◆ WHAT YOU NEED TO DO
Each line of the data below between the one containing "RPLP0 Antibody - BSA Free" and the one containing "AI-based tool can", both included, is to be repeated exactly. Please omit pictures.

◆ INFORMATION
# # #
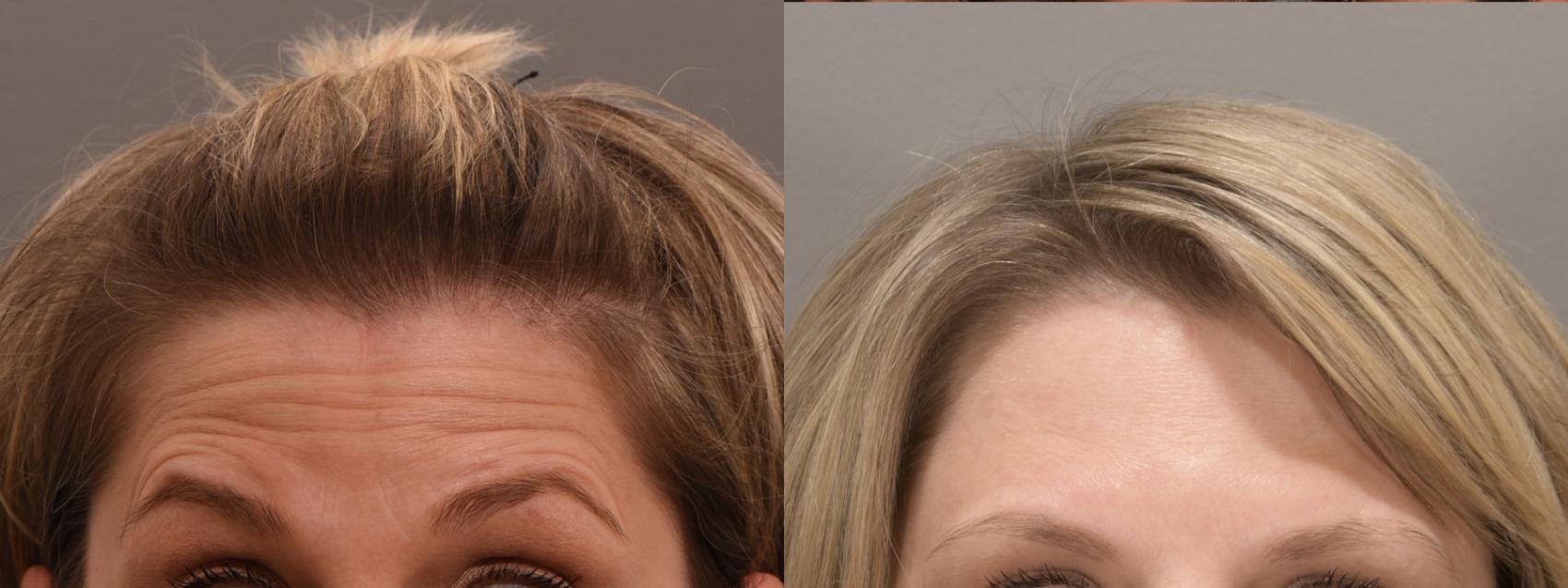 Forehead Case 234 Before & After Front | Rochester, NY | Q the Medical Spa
# # #
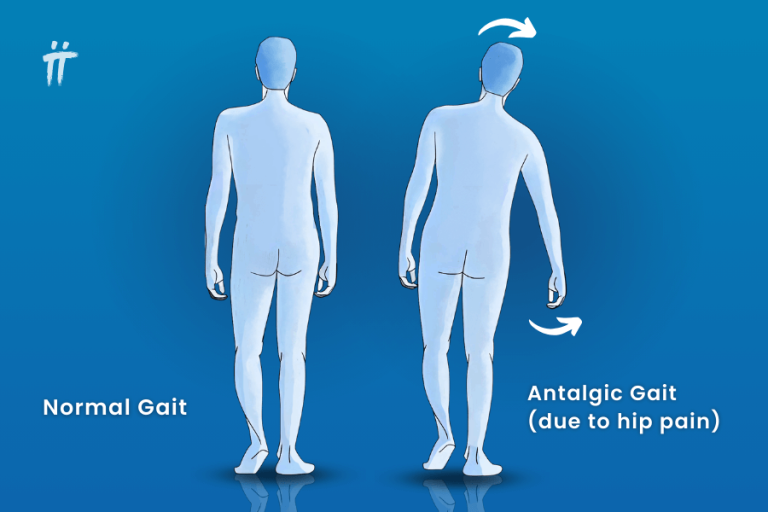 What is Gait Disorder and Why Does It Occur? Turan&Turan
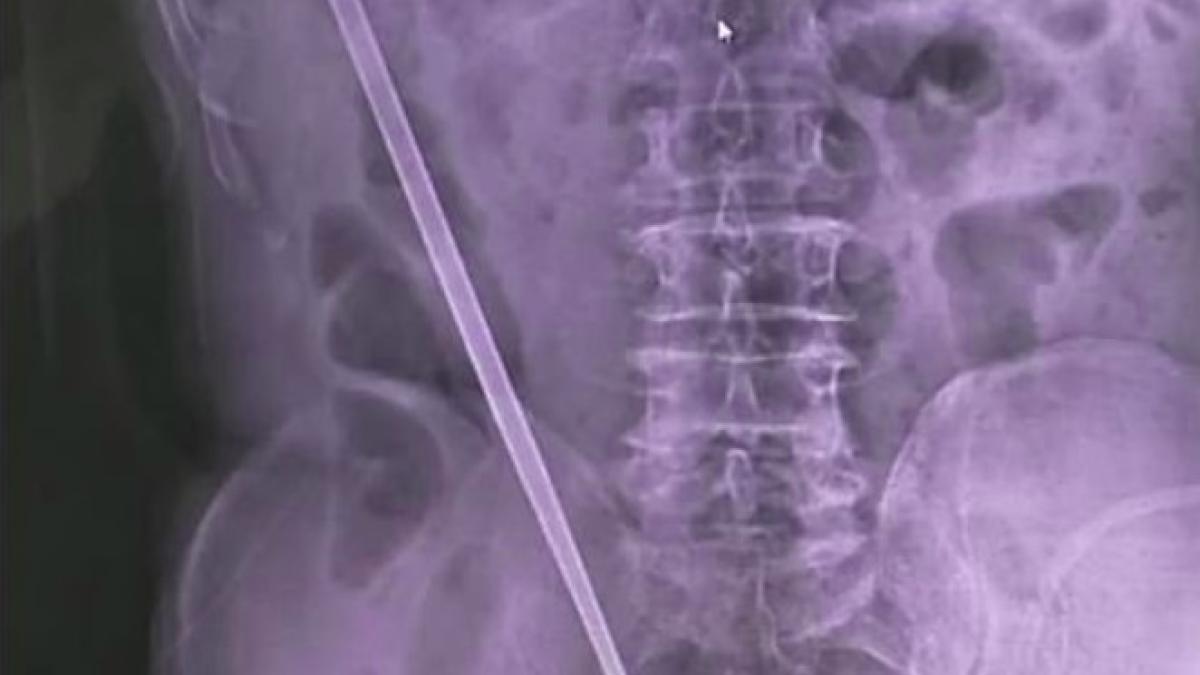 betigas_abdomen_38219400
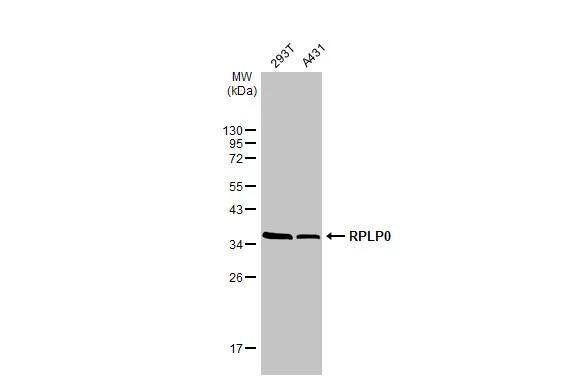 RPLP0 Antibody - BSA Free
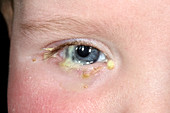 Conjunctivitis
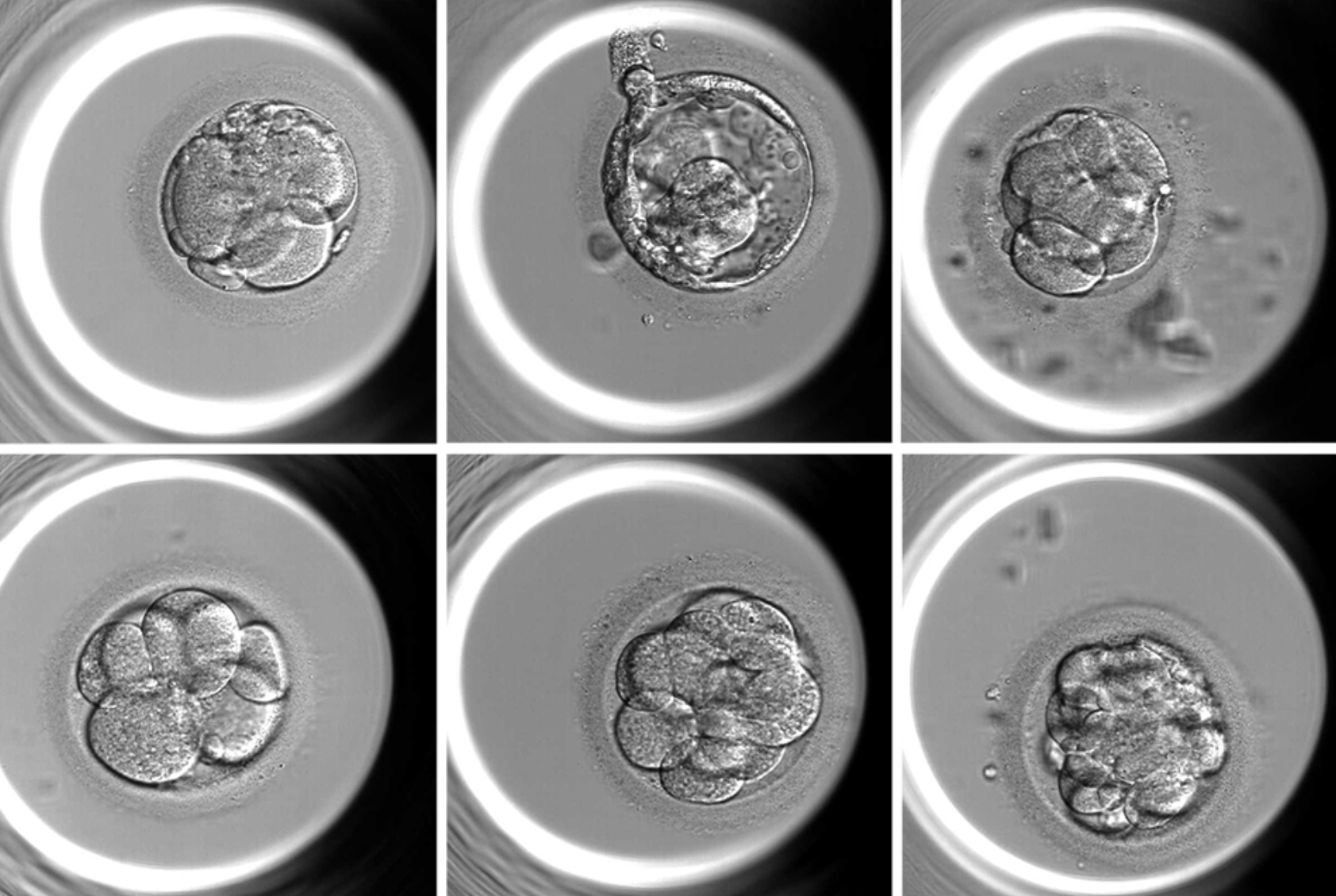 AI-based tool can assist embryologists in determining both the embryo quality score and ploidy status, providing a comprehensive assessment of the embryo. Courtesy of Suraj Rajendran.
# # #
◆ REPLY
 RPLP0 Antibody - BSA Free
 Conjunctivitis
 AI-based tool can assist embryologists in determining both the embryo quality score and ploidy status, providing a comprehensive assessment of the embryo. Courtesy of Suraj Rajendran.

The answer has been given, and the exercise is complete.